E’ il capitalismo da salotto che non va
In queste settimane, il caso eclatante di quanto stiamo scrivendo lo offrono Unicredit e Intesa-Sanpaolo, che in qualità di soci e creditori, hanno prestato ad Alitalia altri 180 milioni di euro per evitarne il fallimento. Ora, è da otto anni che la compagnia aerea va avanti a colpi di liquidità delle banche italiane, pur chiudendo ogni esercizio in perdita e non intravedendosi alcuna prospettiva industriale seria. E’ mai possibile che i soldi vi siano per questi carrozzoni e manchino per il povero Cristo, che voglia magari farsi finanziare l’acquisto di un macchinario o espandere un capannone? E se Alitalia fallisse un giorno o non fosse in grado di restituire il prestito, le banche creditrici potrebbero tirarsi fuori dalle polemiche, pubblicandone il nome e dichiarandosi non responsabili dell’accaduto? (Leggi anche: Crisi Alitalia, cosa insegna il fallimento dei capitani coraggiosi a MPS)

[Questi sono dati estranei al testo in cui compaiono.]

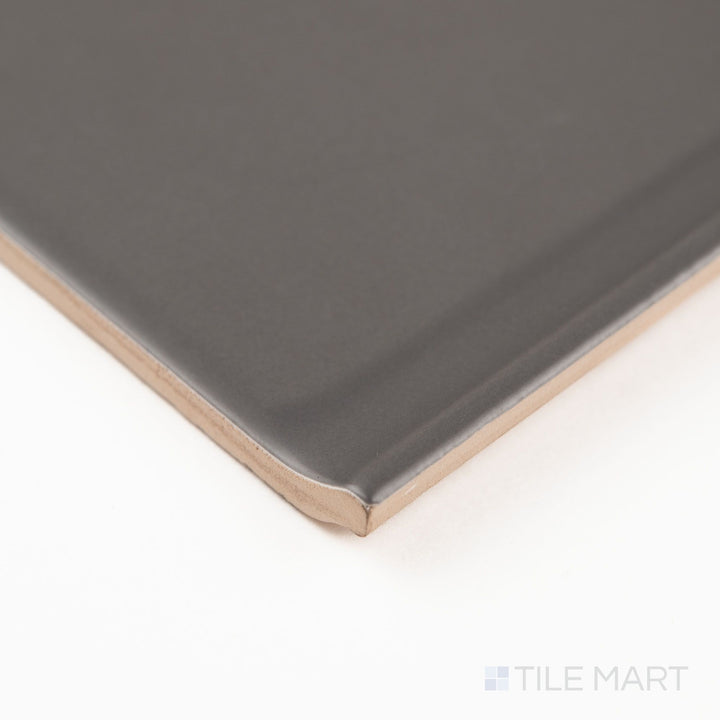Corner view of dark gray sanitary cove base 6x6 matte ceramic tile highlighting smooth curved base profile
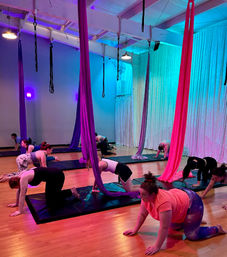 Group aerial yoga class in a neon-lit indoor studio, students on mats practicing tabletop poses beneath hanging magenta, purple and teal aerial silks on a hardwood floor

Il problema dei problemi per le banche italiane, ma non solo, è quel capitalismo relazionale, che fa in modo che il denaro e gli investimenti circolino sempre all’interno di un salotto sempre più ristretto e squattrinato, in cui creditore e debitore sono legati da rapporti di amicizia atavica o da affari opachi, che spesso s’inquadrano in logiche al di sopra di semplici operazioni di mercato.